◆ WHAT NEEDS TO BE DONE: Lines from the one with "A wooden shed is being built in a backyard." up to and including the one with "Lona con datos" are to be copied exactly from the records below, without their pictures.

◆ EXERCISE MATERIAL:
%%

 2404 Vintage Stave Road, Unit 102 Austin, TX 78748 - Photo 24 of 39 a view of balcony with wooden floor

%%
%%

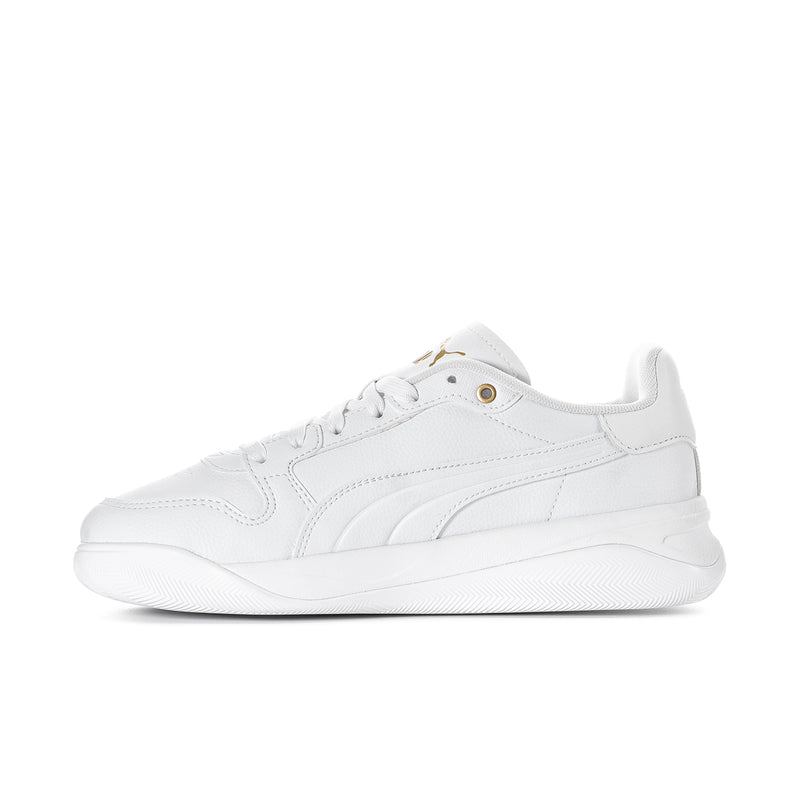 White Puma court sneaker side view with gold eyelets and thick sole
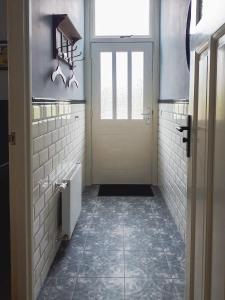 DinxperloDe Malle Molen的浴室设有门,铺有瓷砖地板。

%%
%%

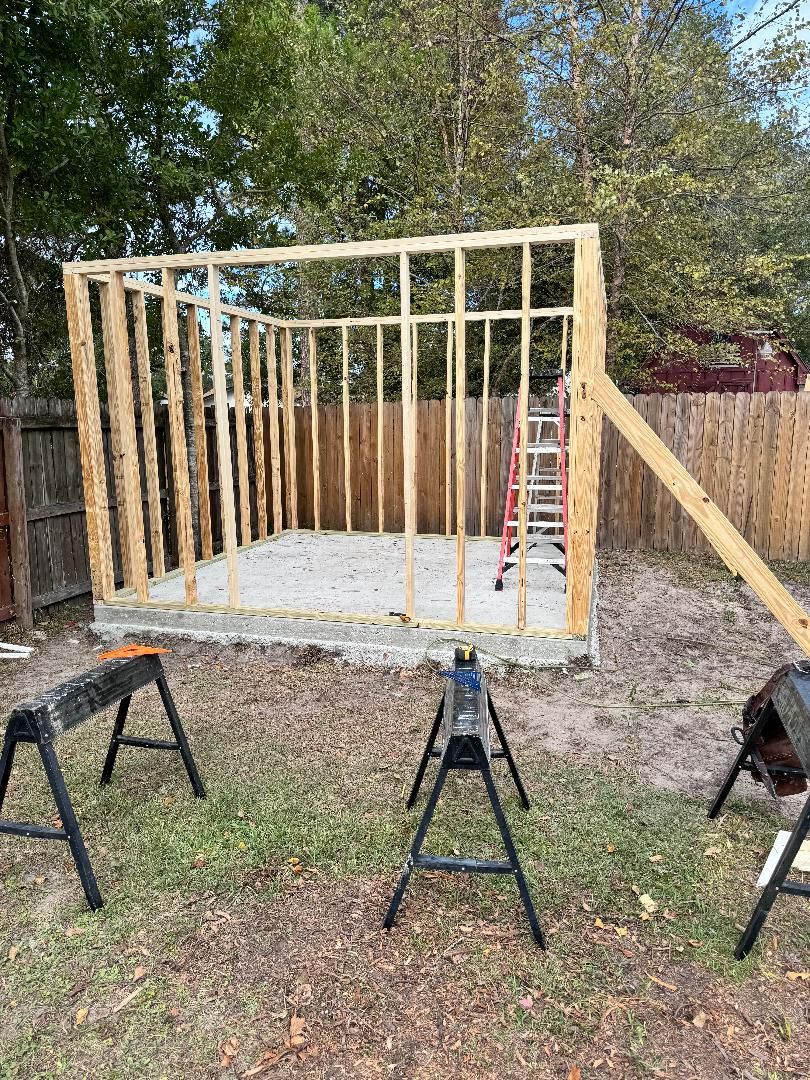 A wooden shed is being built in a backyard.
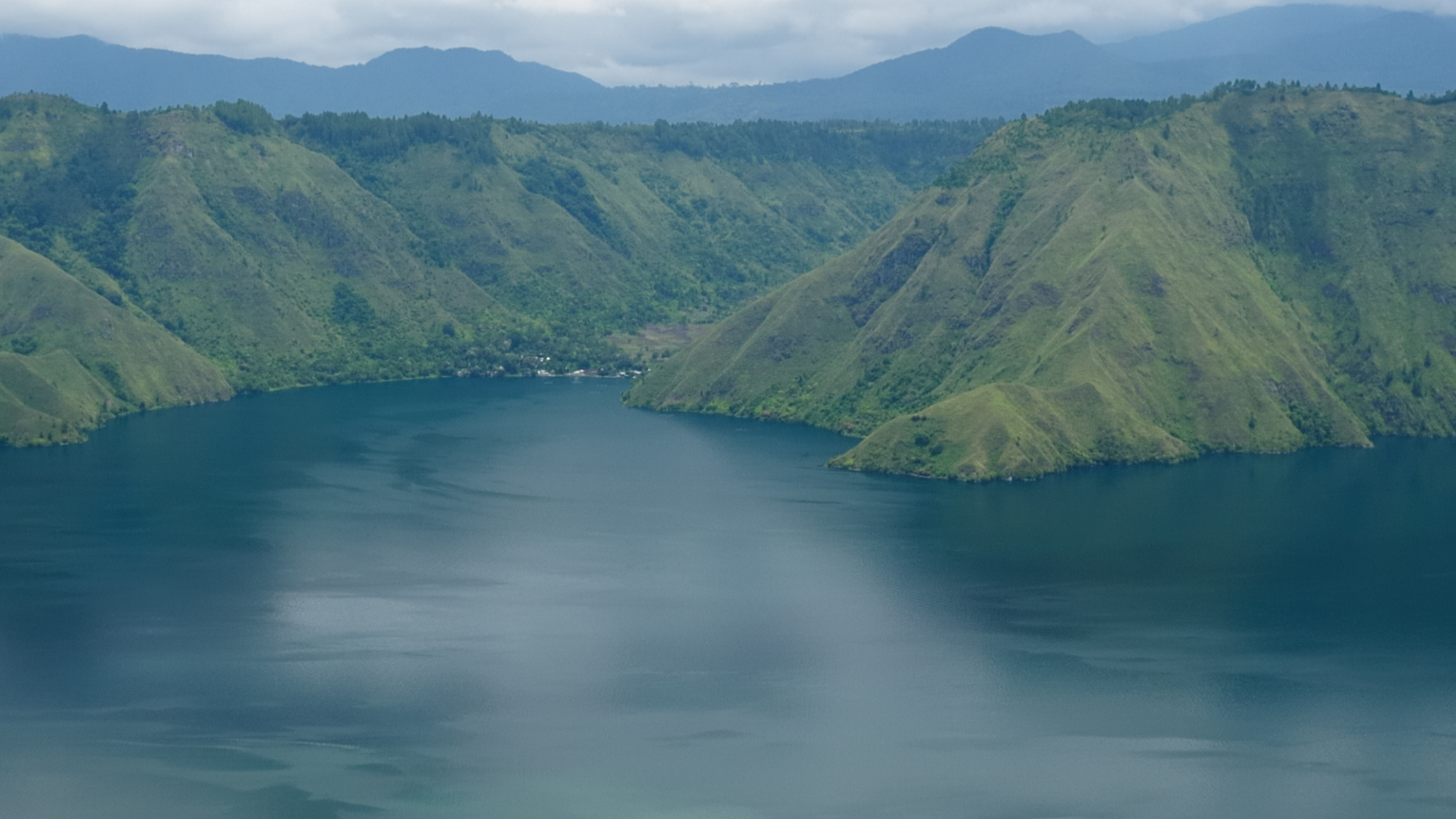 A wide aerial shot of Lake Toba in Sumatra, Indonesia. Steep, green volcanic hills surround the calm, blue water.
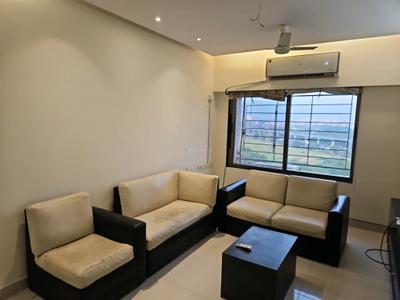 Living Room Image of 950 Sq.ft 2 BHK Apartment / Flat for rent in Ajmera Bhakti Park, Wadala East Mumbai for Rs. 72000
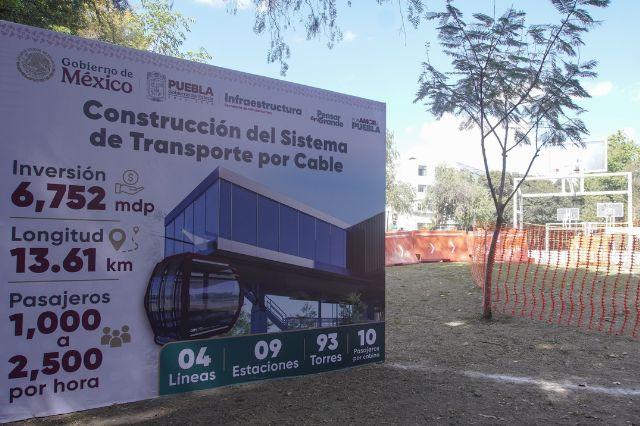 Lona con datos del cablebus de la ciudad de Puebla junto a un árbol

%%

◆ WRITTEN ANSWER:
 A wooden shed is being built in a backyard.
 A wide aerial shot of Lake Toba in Sumatra, Indonesia. Steep, green volcanic hills surround the calm, blue water.
 Living Room Image of 950 Sq.ft 2 BHK Apartment / Flat for rent in Ajmera Bhakti Park, Wadala East Mumbai for Rs. 72000
 Lona con datos del cablebus de la ciudad de Puebla junto a un árbol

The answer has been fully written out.